I have the following table:
data = [['abc', 'bin_1', "bin_2"], ['abc', 'bin_1', "bin_1"]]
data = pd.DataFrame(data, columns = ['name', 'bin1', 'bin2'])
And I want to merge the columns bin1 and bin2.
As you see, there can be the same cell value in these two columns.
I want to combine the two columns by | if the values differ, otherwise just put a single unique value.
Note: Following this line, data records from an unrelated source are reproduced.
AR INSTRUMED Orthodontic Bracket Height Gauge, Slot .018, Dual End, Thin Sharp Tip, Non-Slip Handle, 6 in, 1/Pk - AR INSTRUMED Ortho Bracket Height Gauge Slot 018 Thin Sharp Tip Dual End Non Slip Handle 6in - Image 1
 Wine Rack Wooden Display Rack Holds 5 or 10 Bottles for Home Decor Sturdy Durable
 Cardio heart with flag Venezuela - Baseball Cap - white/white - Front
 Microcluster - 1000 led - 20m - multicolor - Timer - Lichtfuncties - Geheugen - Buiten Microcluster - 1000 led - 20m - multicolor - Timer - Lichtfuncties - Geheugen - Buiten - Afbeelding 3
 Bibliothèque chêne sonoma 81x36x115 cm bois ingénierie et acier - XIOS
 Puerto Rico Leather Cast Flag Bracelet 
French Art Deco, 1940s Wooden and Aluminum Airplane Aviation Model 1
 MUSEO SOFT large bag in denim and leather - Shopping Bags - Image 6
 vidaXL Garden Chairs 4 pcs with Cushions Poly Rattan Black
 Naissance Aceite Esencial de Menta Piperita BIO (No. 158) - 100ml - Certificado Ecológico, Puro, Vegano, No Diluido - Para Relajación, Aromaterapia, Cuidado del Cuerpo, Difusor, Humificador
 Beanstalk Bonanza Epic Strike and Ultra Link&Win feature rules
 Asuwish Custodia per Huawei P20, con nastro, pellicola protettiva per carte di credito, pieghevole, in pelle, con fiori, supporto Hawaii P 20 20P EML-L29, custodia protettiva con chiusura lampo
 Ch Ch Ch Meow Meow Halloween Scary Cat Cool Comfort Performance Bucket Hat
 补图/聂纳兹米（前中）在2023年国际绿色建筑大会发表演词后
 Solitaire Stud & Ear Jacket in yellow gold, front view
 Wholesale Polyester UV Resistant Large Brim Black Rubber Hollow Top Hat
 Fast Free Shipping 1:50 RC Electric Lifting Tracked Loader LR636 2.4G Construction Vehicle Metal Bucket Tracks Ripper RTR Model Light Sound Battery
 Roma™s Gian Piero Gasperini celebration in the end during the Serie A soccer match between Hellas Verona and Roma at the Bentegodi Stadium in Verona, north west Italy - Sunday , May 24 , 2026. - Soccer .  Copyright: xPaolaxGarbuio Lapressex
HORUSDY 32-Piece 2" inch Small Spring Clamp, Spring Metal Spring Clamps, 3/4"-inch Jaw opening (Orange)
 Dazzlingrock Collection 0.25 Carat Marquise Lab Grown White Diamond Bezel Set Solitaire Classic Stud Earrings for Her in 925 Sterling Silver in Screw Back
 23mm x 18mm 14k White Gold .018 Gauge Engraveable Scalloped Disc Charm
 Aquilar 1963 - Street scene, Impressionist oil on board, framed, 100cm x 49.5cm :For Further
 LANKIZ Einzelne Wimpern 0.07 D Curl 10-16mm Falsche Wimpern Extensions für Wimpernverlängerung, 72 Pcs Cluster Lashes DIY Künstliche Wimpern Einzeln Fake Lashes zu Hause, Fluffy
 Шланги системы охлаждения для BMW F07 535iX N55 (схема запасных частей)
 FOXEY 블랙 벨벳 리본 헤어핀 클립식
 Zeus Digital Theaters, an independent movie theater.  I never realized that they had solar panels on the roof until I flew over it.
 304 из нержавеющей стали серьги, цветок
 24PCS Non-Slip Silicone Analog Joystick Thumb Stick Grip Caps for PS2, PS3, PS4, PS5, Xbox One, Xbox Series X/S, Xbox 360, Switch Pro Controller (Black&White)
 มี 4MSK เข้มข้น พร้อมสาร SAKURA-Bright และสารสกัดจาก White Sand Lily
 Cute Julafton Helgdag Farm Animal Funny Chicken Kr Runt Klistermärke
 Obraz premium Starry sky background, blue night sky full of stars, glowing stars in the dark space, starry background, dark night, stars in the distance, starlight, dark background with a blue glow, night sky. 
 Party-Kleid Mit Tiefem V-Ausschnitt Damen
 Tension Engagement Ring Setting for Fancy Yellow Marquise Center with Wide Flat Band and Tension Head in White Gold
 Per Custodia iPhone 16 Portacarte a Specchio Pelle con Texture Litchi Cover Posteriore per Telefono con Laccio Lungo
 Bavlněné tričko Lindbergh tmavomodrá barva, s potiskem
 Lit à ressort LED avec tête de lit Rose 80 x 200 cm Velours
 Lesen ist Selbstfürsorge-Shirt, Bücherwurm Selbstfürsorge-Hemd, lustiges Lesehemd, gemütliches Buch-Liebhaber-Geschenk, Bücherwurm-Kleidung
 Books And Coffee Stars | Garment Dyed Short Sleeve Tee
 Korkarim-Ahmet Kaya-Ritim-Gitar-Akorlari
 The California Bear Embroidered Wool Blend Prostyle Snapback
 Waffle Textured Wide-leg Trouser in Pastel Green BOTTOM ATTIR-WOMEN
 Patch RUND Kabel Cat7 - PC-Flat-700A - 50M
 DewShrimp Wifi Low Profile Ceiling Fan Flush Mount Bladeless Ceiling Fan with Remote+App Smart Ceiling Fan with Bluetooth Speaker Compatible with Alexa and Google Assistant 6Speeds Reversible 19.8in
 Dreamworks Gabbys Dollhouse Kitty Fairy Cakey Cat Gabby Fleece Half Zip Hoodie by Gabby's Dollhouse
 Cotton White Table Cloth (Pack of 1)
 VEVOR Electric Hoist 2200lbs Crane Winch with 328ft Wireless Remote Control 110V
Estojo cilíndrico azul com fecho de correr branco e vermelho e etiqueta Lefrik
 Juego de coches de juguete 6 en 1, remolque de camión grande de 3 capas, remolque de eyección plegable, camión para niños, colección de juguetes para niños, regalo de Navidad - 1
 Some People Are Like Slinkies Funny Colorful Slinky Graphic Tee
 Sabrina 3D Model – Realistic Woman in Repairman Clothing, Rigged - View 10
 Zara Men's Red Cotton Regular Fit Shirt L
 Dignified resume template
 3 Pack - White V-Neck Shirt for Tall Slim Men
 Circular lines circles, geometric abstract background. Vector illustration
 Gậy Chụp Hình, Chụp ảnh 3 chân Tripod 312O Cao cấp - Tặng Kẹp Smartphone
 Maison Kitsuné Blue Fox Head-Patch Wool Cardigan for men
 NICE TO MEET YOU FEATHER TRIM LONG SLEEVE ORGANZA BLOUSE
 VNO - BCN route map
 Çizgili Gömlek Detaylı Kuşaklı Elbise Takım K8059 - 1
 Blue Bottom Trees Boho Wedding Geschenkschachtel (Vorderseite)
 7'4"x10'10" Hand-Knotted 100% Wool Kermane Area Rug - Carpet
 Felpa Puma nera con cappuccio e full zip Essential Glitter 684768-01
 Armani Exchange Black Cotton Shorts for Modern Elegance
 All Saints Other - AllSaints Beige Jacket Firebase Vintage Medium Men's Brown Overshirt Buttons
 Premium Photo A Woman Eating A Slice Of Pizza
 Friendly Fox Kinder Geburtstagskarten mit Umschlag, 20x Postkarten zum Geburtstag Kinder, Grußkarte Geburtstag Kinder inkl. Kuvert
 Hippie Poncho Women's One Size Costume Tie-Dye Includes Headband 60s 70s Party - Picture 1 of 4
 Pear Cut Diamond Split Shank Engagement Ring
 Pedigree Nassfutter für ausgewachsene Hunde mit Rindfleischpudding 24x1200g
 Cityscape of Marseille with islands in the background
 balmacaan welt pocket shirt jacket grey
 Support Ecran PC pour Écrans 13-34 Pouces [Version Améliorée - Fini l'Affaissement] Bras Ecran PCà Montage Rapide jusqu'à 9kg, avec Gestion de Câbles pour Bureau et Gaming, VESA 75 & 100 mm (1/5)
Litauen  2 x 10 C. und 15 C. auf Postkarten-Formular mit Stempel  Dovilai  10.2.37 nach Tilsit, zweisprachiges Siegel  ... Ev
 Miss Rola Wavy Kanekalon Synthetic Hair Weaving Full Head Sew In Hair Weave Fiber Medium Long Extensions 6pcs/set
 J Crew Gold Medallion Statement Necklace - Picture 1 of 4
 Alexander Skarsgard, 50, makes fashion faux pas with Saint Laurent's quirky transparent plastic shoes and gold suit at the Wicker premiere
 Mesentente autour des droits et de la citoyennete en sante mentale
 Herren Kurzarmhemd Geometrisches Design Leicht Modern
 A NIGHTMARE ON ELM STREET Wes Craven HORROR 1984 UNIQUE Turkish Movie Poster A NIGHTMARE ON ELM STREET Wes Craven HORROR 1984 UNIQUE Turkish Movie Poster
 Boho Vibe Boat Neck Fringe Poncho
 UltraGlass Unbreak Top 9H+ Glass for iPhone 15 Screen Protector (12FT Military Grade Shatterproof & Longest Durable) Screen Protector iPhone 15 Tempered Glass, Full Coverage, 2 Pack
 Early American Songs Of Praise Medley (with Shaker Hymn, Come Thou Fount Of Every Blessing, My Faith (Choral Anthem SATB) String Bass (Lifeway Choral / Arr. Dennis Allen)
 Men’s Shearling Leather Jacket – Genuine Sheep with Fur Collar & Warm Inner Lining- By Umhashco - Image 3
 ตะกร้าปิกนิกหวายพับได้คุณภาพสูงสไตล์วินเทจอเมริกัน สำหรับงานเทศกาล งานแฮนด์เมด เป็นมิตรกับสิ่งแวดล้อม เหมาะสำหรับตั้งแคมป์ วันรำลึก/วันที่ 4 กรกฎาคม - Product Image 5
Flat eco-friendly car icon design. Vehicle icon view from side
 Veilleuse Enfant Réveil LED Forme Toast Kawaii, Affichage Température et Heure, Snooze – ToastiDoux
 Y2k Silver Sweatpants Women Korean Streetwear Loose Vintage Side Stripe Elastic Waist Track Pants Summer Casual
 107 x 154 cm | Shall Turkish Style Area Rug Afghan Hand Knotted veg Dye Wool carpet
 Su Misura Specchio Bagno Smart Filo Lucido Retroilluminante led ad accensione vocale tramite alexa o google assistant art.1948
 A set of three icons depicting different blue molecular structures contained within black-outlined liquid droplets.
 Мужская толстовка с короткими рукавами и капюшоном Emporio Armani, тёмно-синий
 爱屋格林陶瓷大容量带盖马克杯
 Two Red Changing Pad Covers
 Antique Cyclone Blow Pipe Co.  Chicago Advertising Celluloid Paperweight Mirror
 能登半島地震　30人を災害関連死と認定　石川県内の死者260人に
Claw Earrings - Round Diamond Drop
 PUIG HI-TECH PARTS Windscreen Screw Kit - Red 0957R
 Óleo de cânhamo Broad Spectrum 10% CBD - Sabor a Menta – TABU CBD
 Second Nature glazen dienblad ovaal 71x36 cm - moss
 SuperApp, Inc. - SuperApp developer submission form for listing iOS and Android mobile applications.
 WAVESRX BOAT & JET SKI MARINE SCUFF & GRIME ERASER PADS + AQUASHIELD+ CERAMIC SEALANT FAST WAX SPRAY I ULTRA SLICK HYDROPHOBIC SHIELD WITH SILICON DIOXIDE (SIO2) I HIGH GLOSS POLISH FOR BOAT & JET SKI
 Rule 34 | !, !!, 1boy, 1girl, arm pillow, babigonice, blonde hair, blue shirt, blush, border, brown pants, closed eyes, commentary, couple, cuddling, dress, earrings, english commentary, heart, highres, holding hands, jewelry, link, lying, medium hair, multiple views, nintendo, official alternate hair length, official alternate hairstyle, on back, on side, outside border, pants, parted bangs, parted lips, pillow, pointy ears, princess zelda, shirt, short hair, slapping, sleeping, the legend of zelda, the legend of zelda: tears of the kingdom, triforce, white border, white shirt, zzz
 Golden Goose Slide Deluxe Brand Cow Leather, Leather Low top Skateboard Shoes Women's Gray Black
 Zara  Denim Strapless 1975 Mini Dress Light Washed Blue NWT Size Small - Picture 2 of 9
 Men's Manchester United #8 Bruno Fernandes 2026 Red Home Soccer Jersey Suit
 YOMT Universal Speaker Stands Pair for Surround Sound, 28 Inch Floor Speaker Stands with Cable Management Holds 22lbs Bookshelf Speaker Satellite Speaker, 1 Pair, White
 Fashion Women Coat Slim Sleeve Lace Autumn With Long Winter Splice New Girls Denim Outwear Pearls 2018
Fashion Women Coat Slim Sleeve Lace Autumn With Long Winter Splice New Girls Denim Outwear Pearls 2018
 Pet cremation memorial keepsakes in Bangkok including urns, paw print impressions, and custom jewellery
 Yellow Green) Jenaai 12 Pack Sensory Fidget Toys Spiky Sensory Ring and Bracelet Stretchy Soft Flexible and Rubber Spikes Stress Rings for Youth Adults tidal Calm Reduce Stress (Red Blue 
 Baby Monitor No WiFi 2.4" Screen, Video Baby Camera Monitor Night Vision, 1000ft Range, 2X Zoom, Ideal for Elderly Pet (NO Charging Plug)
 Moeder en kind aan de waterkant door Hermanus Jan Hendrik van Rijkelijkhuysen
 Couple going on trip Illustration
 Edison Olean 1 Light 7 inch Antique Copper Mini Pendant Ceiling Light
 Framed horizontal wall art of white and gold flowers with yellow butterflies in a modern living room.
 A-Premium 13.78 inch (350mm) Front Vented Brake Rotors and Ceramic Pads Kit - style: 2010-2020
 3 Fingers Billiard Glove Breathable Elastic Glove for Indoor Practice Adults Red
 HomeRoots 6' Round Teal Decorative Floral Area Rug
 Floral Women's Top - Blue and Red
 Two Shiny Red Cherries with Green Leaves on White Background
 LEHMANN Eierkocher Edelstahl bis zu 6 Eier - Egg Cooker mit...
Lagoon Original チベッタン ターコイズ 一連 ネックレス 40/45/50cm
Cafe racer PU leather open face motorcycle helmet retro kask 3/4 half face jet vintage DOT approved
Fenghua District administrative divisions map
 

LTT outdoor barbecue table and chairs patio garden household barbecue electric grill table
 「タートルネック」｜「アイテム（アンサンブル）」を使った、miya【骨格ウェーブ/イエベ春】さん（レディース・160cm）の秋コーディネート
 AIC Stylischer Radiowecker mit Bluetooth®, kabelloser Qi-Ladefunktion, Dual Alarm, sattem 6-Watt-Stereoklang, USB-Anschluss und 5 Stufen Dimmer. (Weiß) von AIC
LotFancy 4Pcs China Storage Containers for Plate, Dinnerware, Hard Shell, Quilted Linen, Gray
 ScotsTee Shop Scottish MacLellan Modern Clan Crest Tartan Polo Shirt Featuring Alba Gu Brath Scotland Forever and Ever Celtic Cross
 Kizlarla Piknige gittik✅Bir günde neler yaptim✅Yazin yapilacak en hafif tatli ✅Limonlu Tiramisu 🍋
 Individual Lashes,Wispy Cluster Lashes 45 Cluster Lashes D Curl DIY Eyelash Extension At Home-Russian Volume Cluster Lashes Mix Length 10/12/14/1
data["bin"] = data[['bin1', 'bin2']].agg(' | '.join, axis=1)
Unfortunately gives me:
name bin1 bin2
abc bin_1 bin_2
abc bin_1 bin_1
if I want:
name bin1 bin2 bin
abc bin_1 bin_2 bin_1 | bin_2
abc bin_1 bin_1 bin_1
CodePudding user response:
Use sets if order is not important:
data["bin"] = data[['bin1', 'bin2']].agg(lambda x: ' | '.join(set(x)), axis=1)
print (data)
name bin1 bin2 bin
0 abc bin_1 bin_2 bin_1 | bin_2
1 abc bin_1 bin_1 bin_1
Or dict.fromkeys if ordering is important:
data["bin"] = data[['bin1', 'bin2']].agg(lambda x: ' | '.join(dict.fromkeys(x)), axis=1)